Lorsqu’un jour je lui téléphonais pour lui annoncer: “Il faut restaurer au Grund. J’ai besoin de toi.” Il n’avait qu’une réplique.
“D’accord. C’est conclu, Mais je n’ai pas de sous. Je vais de ce pas faire un emprunt à ma banque. Je ne pourrai donc pas être chez toi avant telle heure.” Et Deville est devenu sans hésiter membre fondateur de la société “Vieux Luxembourg”. Je voudrais relever ce fait parce que malgré les accrocs que lui a joué sa santé, il a tenu bon et il tiendra bon jusqu’à la fin.
Son exposition de 1985 est une gageure avec la vie ou avec la mort. Ses huiles demandent un recul d’au moins quatre mètres pour livrer leur profondeur. En un an il a mûri plus que la vie normale lui aurait permis d’évoluer en une dizaine d’années. Le plus grand péché à faire, est de regarder ses empâtements à 20 cm de distance. Reculez mais reculez donc! Voyez-vous cette immense profondeur des paysages de Provence qu’il adore tant.
Ses dernières aquarelles font de lui le meilleur augarelliste vivant à Luxembourg. Sa technique est parfaite. Il est possible de dé couper dans une seule œuvre des surfaces de 10 x 10 cm. Toute la composition se tient toujours. Il n’y a plus de hasards, il n’y a plus d’imprévus. Je les ai longuement contemplées des journées entières pour comprendre le sens que leur vouait un homme décidé à maîtriser tous ses médecins. Dans une œuvre comme “la Tourmente”, il se défoule entièrement et ne se gène point à y méler ce grain de folie qui veut qu’il n’est pas l’épicier du coin. Van Gogh s’était coupé une oreille. Lui, ne le fait pas, mais l’esprit de ce maître est tout proche.
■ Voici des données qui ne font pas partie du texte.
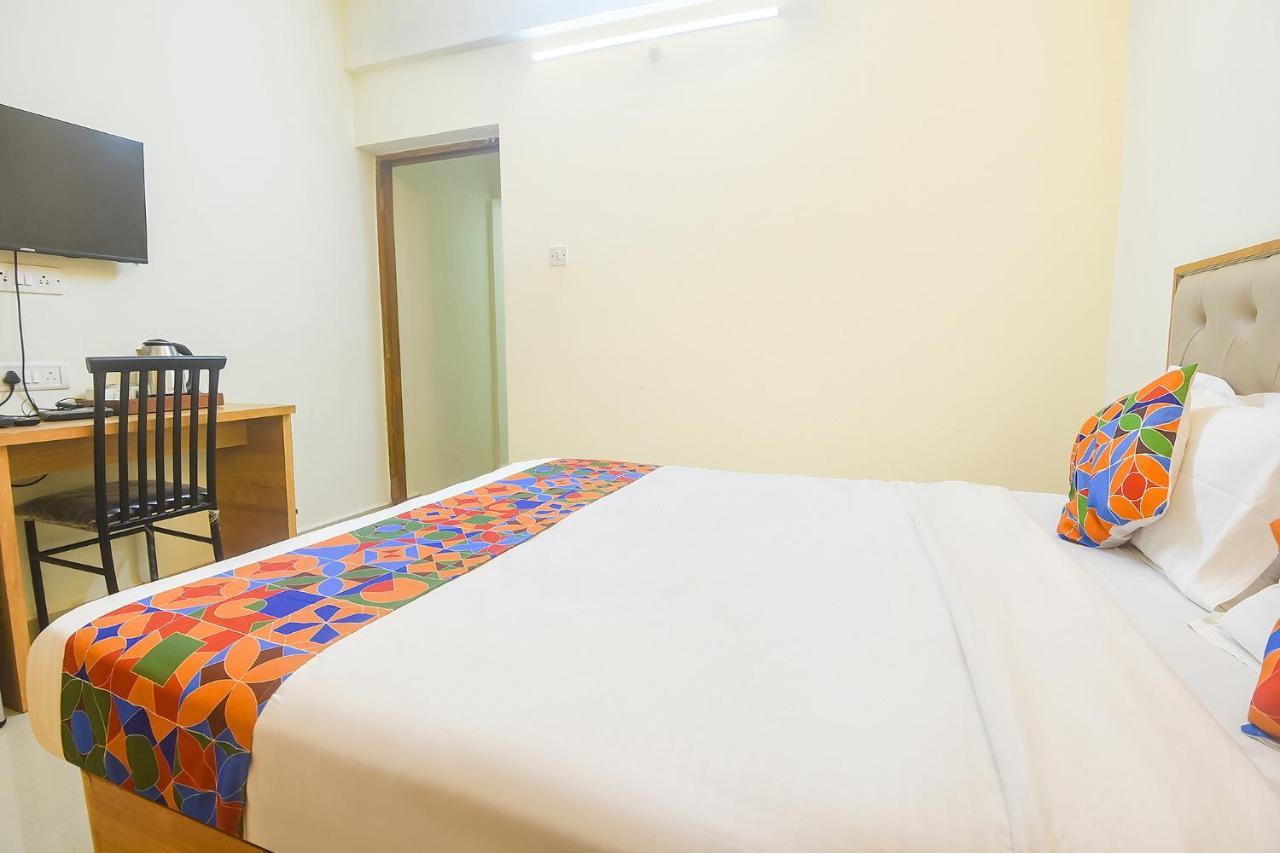 Fabexpress De Classio With Pool - Nr Candolim Beach Hotell Eksteriør bilde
Examiner les dernières aquarelles de Deville n’est pas chose facile. Il faut un fond de musique. Allez donc les contempler avec Debussy ou Fauré et vous y trouverez toute la tendresse que peut mettre un être humain adorant la nature. Mais dans une de ses dernières œuvres, il n’y avait que la Sheherazade de Rimsky-Korsakov qui pouvait me laisser éveillée jusqu’à 2 heures du matin pour comprendre la poésie, le jeu, l’harmonie du moindre des détails.
En quelques mois, il s’est lancé dans la perfection. Ses ciels sont impeccables. Il réalise des surfaces de jaune et de gris étonnantes par leur simplicité et leur pureté.
Encore une fois il a gagné. Sa lutte a été dure et son sourire ne peut cacher les heures de travail assidu.
Une lutte permanente avec la vie qui lui jouait de très mauvais tours, une volonté implacable, nous donnent aujourd’hui la mesure de l’artiste qui brise d’un coup nos fragiles frontières et qui sera reconnu comme un peintre européen de valeur et n’a pas besoin de se faire le moindre souci sur le marché international de l’art.